I would like to ask a question about how to properly format and prepare an image dataset before uploading it to HuggingFace’s Datasets Hub. I’ve consulted documentation and a image folder template and it is not 100% clear to me how I should structure my format. I’ve also looked at some popular datasets like mnist, but it does not make it easier that they are loading the dataset through an external script.
I have a dataset of 20k+ images in a .jpeg format. There are eight classes. Image-class membership is described as a .csv file named metadata.csv, as advised in the tutorial. The csv file contains nine columns: file_name (that matches .jpg names) and columns for each class constituting a one-hot vector encoding,
Currently, I have tried to format repository as follows:
-my dataset
--train (zip)
---IMG0001.jpg
---IMG0002.jpg
...
---IMG9999.jpg
--metadata.csv
--README.md
However, this format was throwing out an error when I tried to load the dataset back from the hub using datasets.load_dataset
method.
Upon consulting the forum, I’ve included the metadata.csv in the archived train file. However, this also seems not correct.

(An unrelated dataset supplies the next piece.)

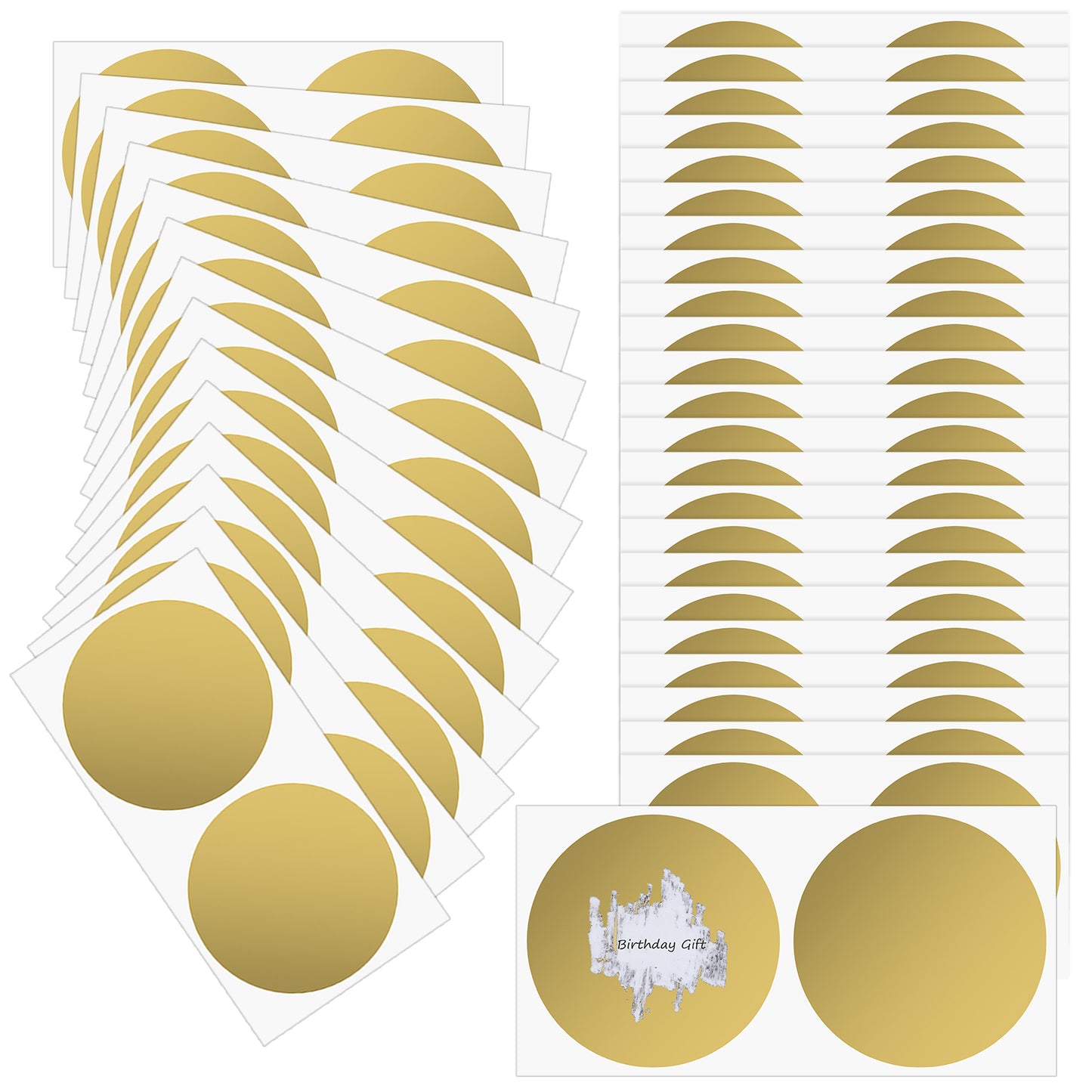 Sibba 100 Pcs Scratch Off Sticker Labels Round Sticker Circle Tickets Gold All-Purpose Labels Glitter Labels Gold Metallic Dots Envelope Seals for DIY Raffle Card Creating Party (2 inch)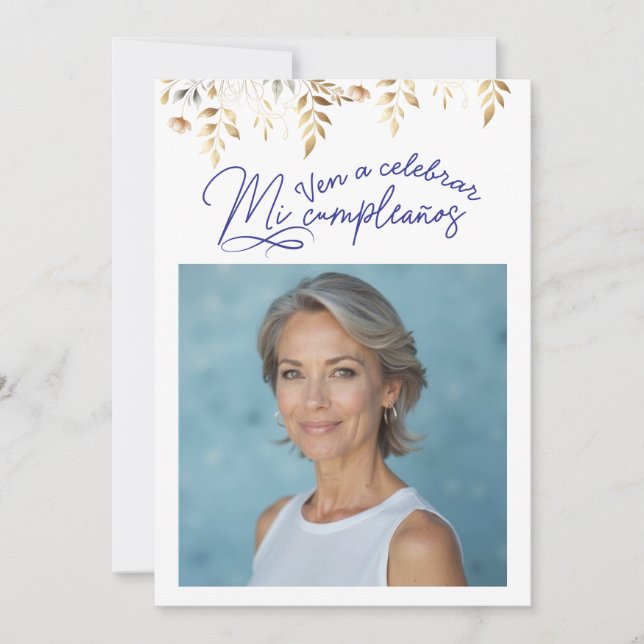 Invitación de cumpleaños de 50 años con foto invitation (Front)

According to the template, every .jpg file should be contained in a separate file. The new structure would look like this:
-my_dataset
--train (csv)
---metadata.csv
---train
----IMG0001
-----IMG0001.jpg
----IMG0002
-----IMG0002.jpg
...
----IMG9999
-----IMG9999.jpg
However, I do not completely understand where the nested format of placing each jpg within a nested directory comes from. Is this a proper way to upload an (archived) image dataset to HG Datasets Hub? Secondly, should I change the one-hot encoding in the .csv file to a simple one-column format where each sample is attributed to one class by a digit?
I would be very grateful for your help with this one, as the documentation (at least for me) is a little bit ambiguous when it comes to uploading image datasets.